Jim Buckmeir came within two outs of pitching a no-hitter last night, making the Dukes' farewell to Alexandria memorable with a 4-1 defeat of the Salem Redbirds at Four Mile Run Park.

The Dukes, after striking out this summer with the city, will move to Woodbridge next season and in mid-April will be reborn as the Prince William Pirates. Home will be Dale City's new $1 million stadium--a long way from the modest playing field in the rear of an elementary school on the Arlington edge of Alexandria.

Buckmeir (10-6) had given up a run without allowing a hit in the eighth. He retired Keith Jones on a grounder to lead off the ninth and then walked Duck Freeman. On a full count, Barry Brunenkant hit a sharp liner to center field that dropped just in front of Tomas Martinez.

After he hit John Westmoreland with a pitch, Buckmeir was replaced by Johnny Taylor and received a standing ovation from the crowd of 1,815.

"After the fifth, I was aware of it (the no-hitter) and the last couple of innings I thought I could do it," said Buckmeir. "But these things happen. I was getting tired and I was pressing myself a little too much.

"I was really surprised that the crowd was this big. When I came here all I was worried about was getting my 10th win and lowering my ERA, but when I saw the crowd, it pumped me up more."

Buckmeir struck out 11, picked a runner off first base, and walked four.

The Dukes scored two in the top of the first on Jim Opie's two-run homer. They added a run in the fourth on a RBI single by Brian Burrows that scored Larry Johnson. They made it 4-0 in the fifth when pitcher Mark Poston (10-9) mishandled Martinez's ground ball, allowing Lorenzo Bundy to score.

There were those at the game who felt Alexandria had mishandled the negotiations with the Dukes.

"I can tell people now that I was here for the first game and the last game and a lot of games in between," said Bill Marsh, a 40-year-old Springfield man who coaches T.C. Williams' high school baseball team.

"I think it's a crying shame that the city and the Dukes and everyone concerned turned this all into a political football," he said.

Almost an hour before the game, cars began pulling into the dusty parking lot across the street from the field.

The team had proclaimed this Fans Appreciation Game and reduced all ticket prices to $1.50, further encouraging a full house for a tearful goodbye. City Councilman Donald Casey emerged from the crowd, solemn and regretful.

Casey had been one of the team's loudest supporters during efforts to persuade the city to spend about $1 million in improvements to a city park for the Dukes. In July, those efforts broke down and the Dukes' chairman of the board, Joseph Berardelli, announced that the team would have to leave the city. "I don't like losing," said Casey. "But I did everything I could. I'm sorry to see them go and I think it's a loss to all of Alexandria. I wish them luck."

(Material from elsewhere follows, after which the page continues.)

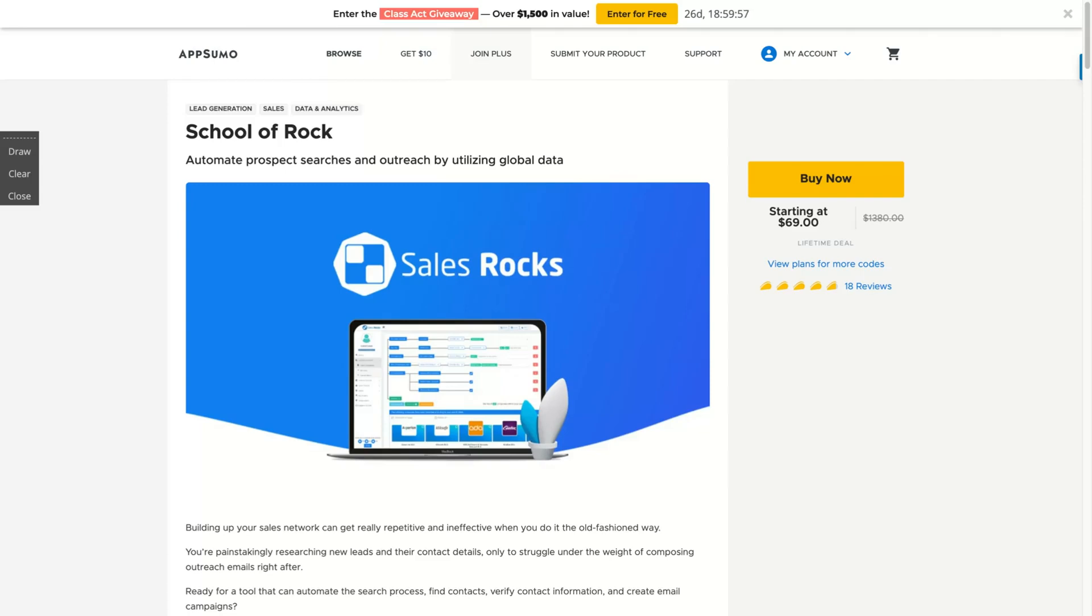Hey guys, Igor here doing one more AppSumo review. Today reviewing Sales Rock, a new deal with three outstanding and amazing features that can replace a lot of tools you are using right now in only one dashboard.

A silence fell over tiny Four Mile Run park as Dukes' infielder Tomas Martinez, a native of the Dominican Republic who is learning English, led the crowd in the Star Spangled Banner--in English.

And before the game Bundy was awarded a plaque naming him the fans' favorite player. Bat boy Chuck Meadows, 14, was given a jersey.

Silver-haired E.J. Wolff, the team's longtime security officer and chief of the grounds crew, picked up one of the gold and black jerseys of the team's road uniforms for his services.

"I really don't think the guys are going to be upset when we leave Alexandria," said pitcher Buckmier before his outstanding game. "In the minor leagues all you want to do is to move up and out of a place.

"There are some people, the fans and those who have helped us, we will miss, but other than that, it's just another stop on the way to the major leagues."